The refusal of the state's highest court to take up Trump's petition was a particularly stinging rebuke, given that conservatives hold a 4-to-3 majority on the elected panel.

One conservative member of the panel, Brian Hagedorn, joined the court's three more-liberal members in declining to take the case.

In a concurring opinion, he wrote, "We do well as a judicial body to abide by time-tested judicial norms, even - and maybe especially - in high-profile cases. Following the law governing challenges to election results is no threat to the rule of law."

Hagedorn wrote that the court should decline to take the case so the Trump campaign could "promptly exercise" its right to seek action in a lower court.

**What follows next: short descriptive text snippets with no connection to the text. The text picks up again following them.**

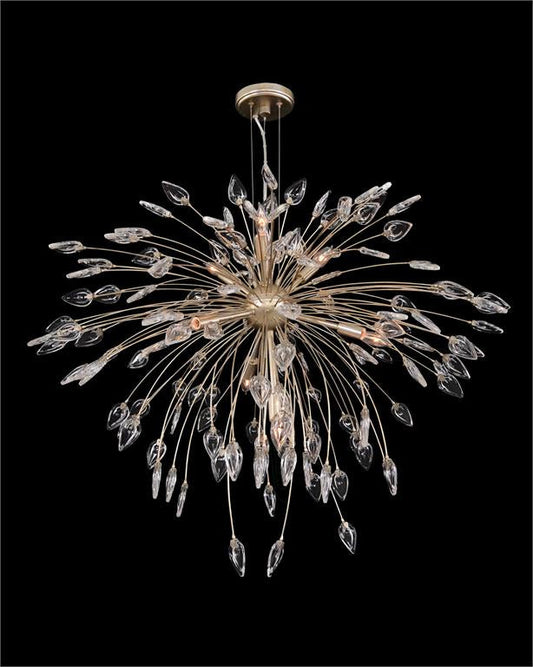 Reveille Crystal Constellation Seven-Light Pendant Chandelier - Richardrider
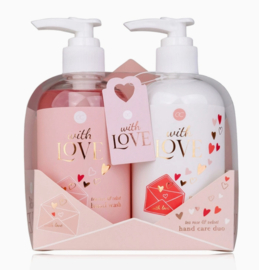 With Love handverzorgingsset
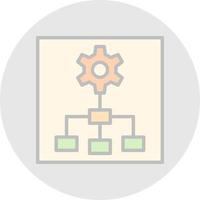 Planning Vector Icon Design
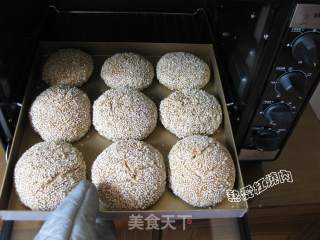 老北京烧饼的做法步骤：16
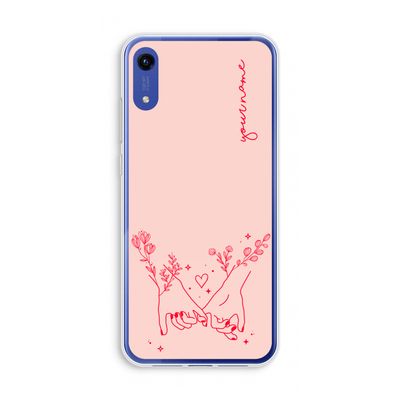 Best Friends: Honor Play 8A Transparant Hoesje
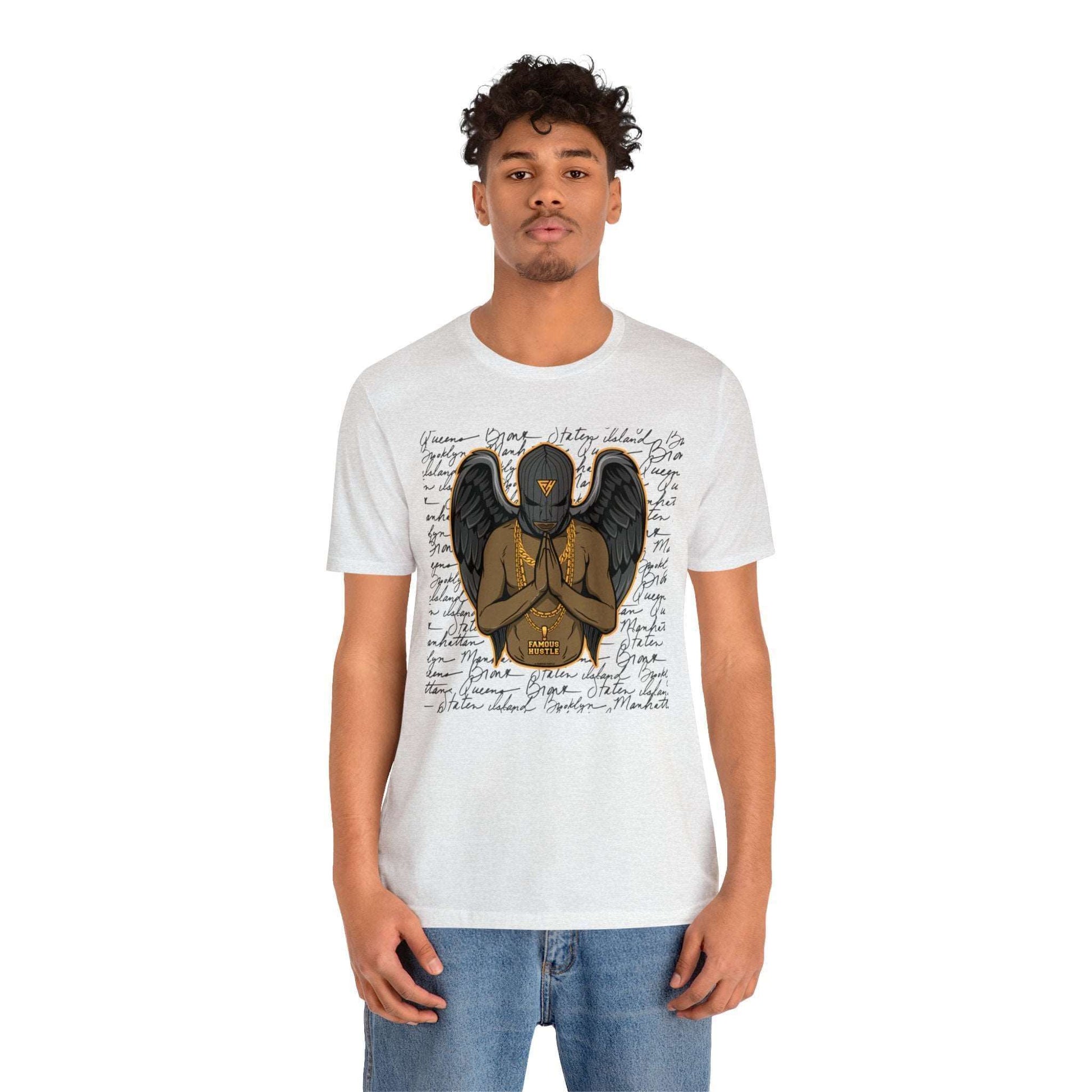 Urban Angel T-shirt | Famous Hustle Apparel, Brand63
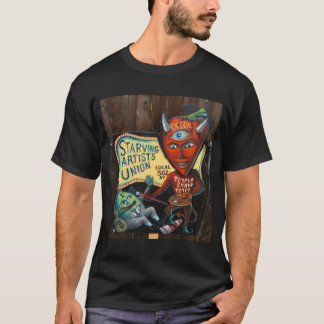 Camiseta de la Unión de Artistas de Hambre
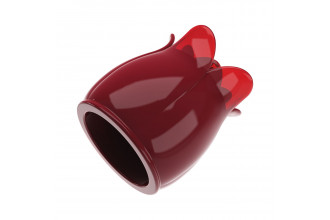 Красная насадка для wand-массажера
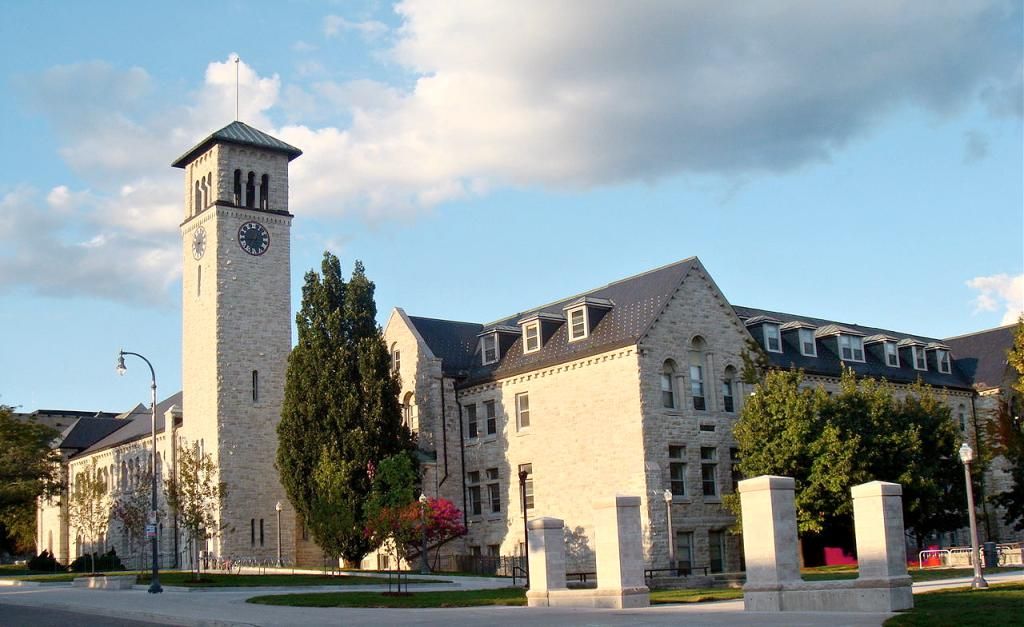 Grant Hall exterior in 2026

Trump's campaign had argued that the matter was of such pressing and urgent concern that it should be considered immediately by the high court. In the petition, it argued that more than 220,000 ballots cast in the state's two most Democratic counties were improperly accepted by election officials and should be thrown out.

The campaign did not allege that individual voters committed fraud or engaged in wrongdoing but rather that election officials misinterpreted state law regarding several large categories of ballots. That included all ballots cast early and in person in the two counties. The campaign challenged the practices, even though they were identical to those in places statewide and were unchanged since before the 2016 election, which Trump won and did not contest.

Three of the court's conservative members appeared open to the Trump campaign's arguments and said they wanted to take the case.

"Petitioners assert troubling allegations of noncompliance with Wisconsin's election laws by public officials on whom the voters rely to ensure free and fair elections," wrote Justice Rebecca Bradley in the dissent. "The majority's failure to embrace its duty (or even an impulse) to decide this case risks perpetuating violations of the law by those entrusted to follow it."

The judicial discussion did not indicate how the court would ultimately view the merits of the Trump campaign's arguments should the matter return to the state's highest court. Nor did justices offer any indication that they believed that overturning the election would be the proper recourse if the court decided to eventually hear it.

Chief Justice Patience Roggensack, who is part of the conservative wing, wrote that she believed the court should take the case to decide whether the state gave incorrect advice to local clerks about how to run the election.

"However, doing so does not necessarily lead to striking absentee ballots that were cast by following incorrect . . . advice," she wrote. "The remedy Petitioners seek may be out of reach for a number of reasons."